Problem details — Could you set down the listing below exactly, leaving out its pictures?

Provided data below:

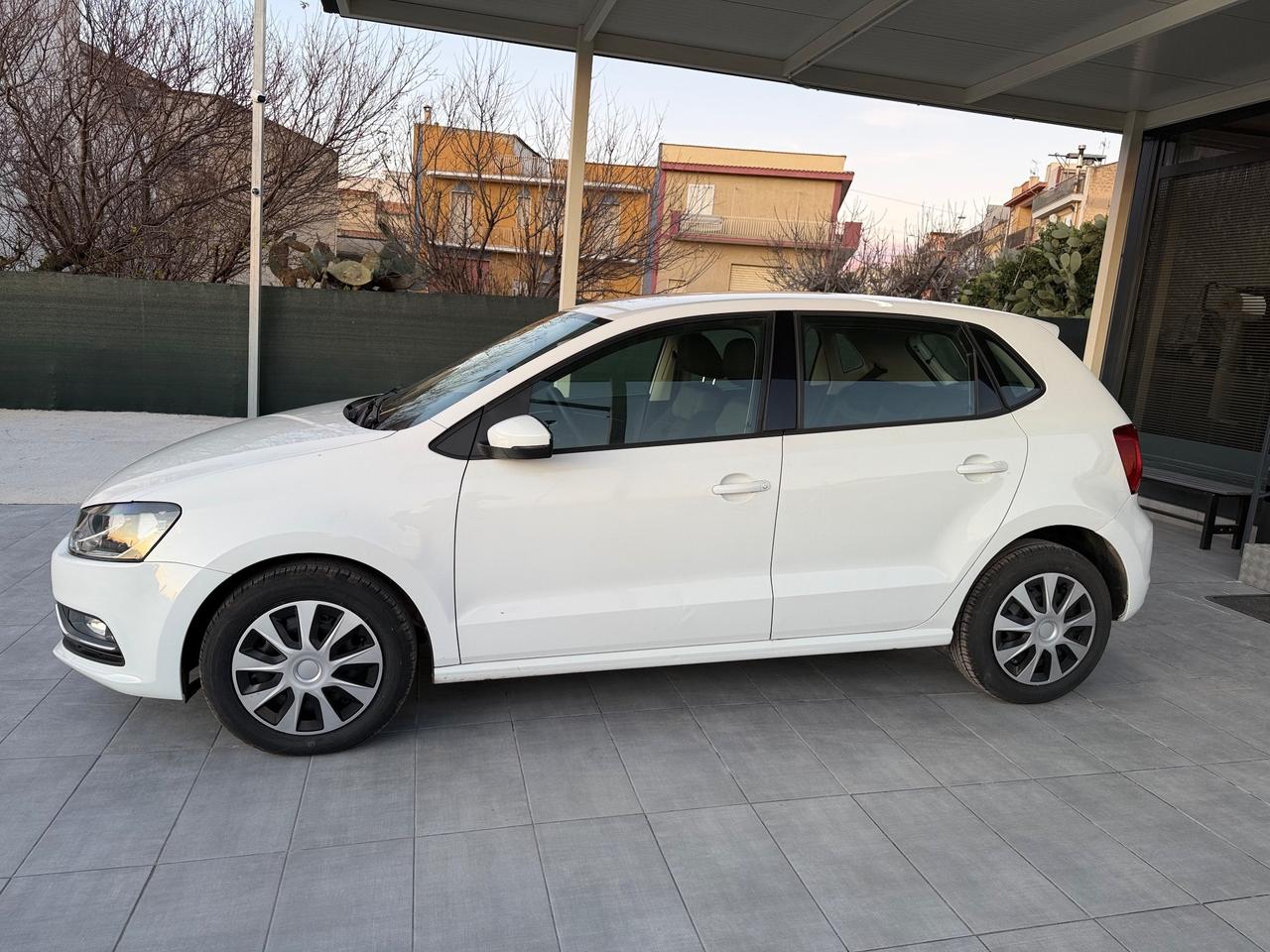 Volkswagen Polo 1.2 BLUEMOTION 90CV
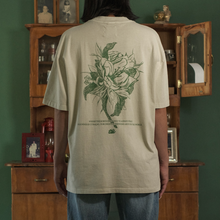 Load image into Gallery viewer, Trust the process Kokolishi Tee -  Cream/green
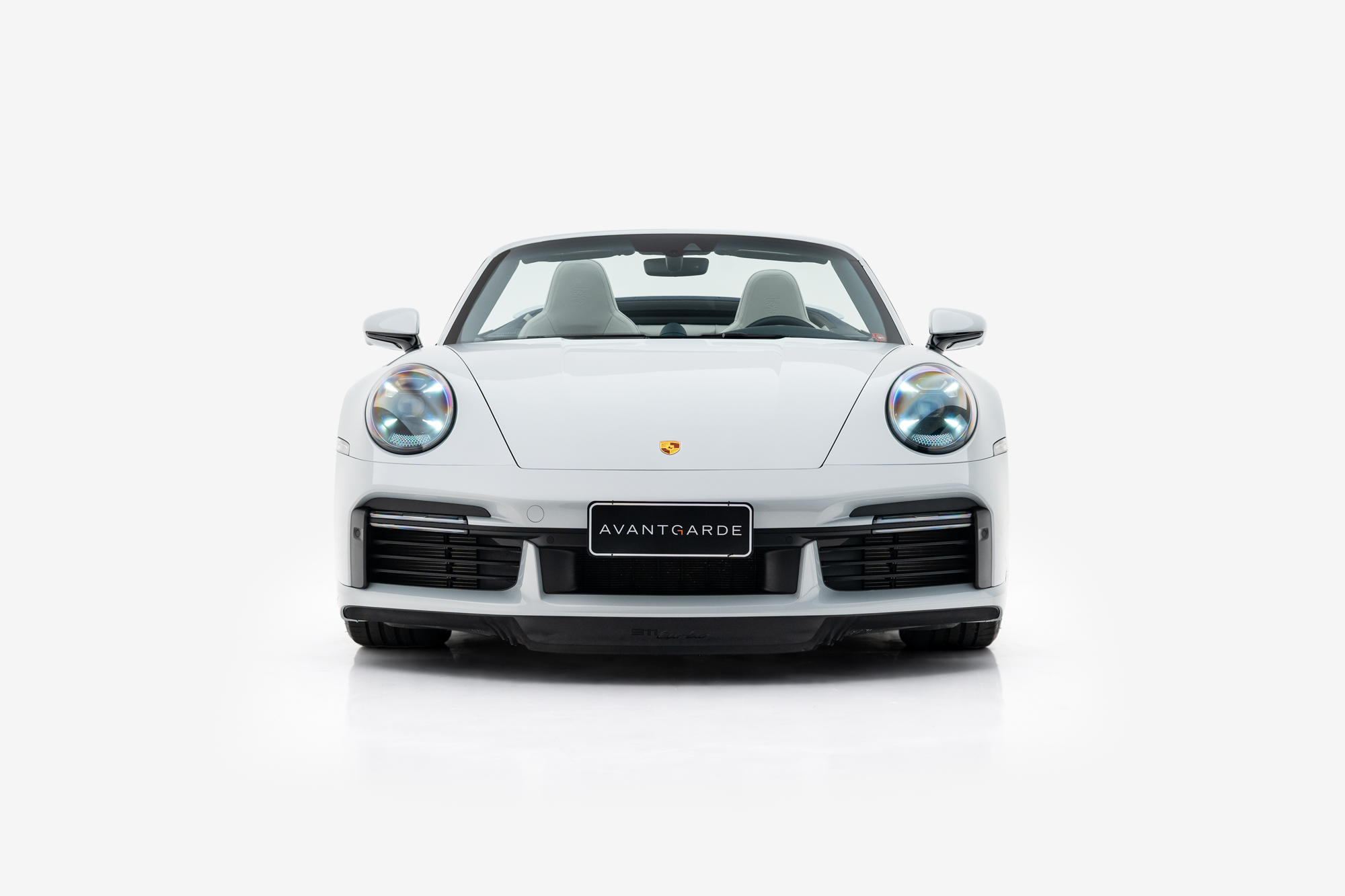 Porsche 911 Turbo Cabriolet 2023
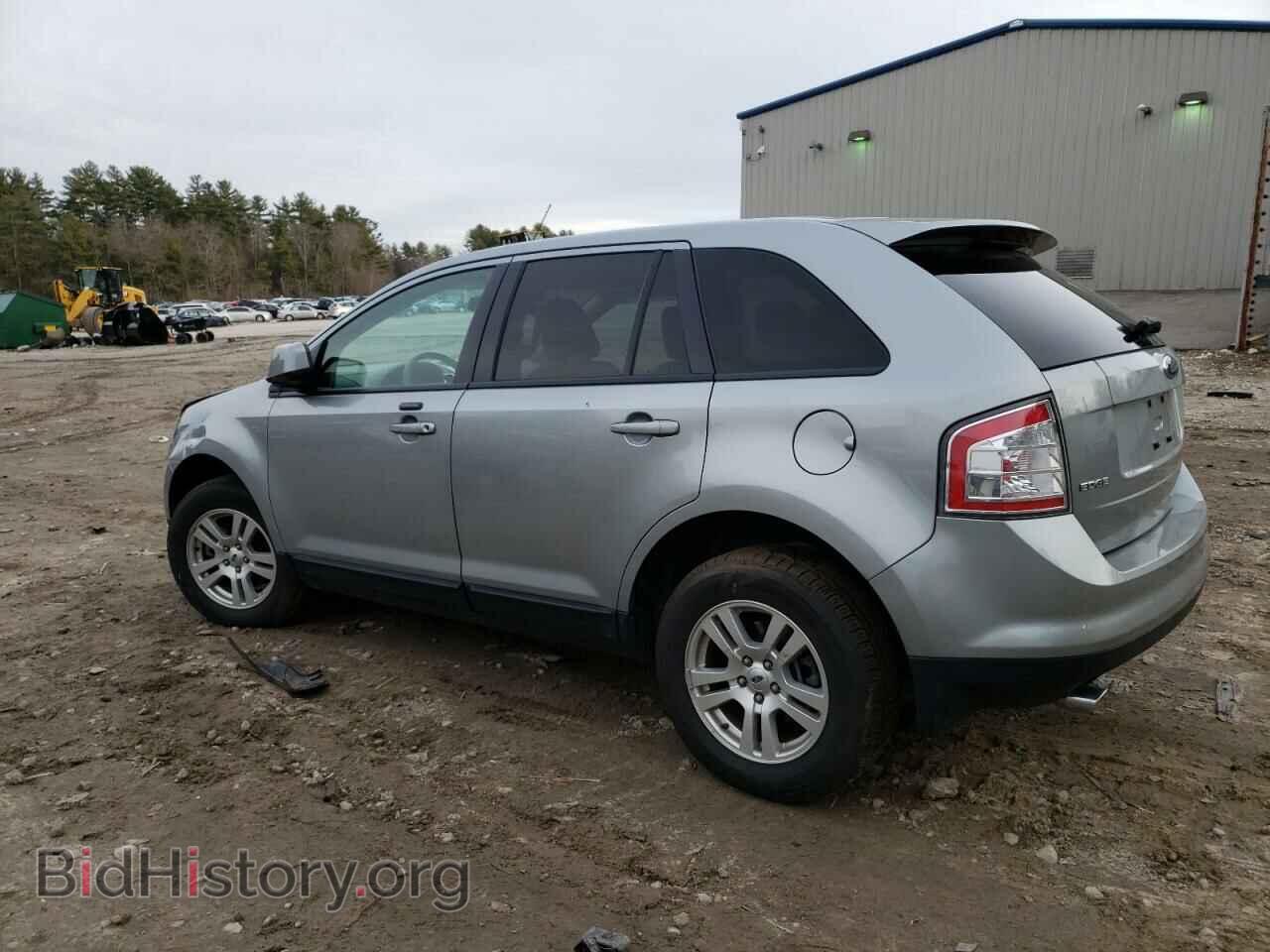 2007 FORD EDGE - VIN: 2FMDK48C97BA89525 - Фото 2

End of Provided data.

Task solution —
 Volkswagen Polo 1.2 BLUEMOTION 90CV
 Load image into Gallery viewer, Trust the process Kokolishi Tee -  Cream/green
 Porsche 911 Turbo Cabriolet 2023
 2007 FORD EDGE - VIN: 2FMDK48C97BA89525 - Фото 2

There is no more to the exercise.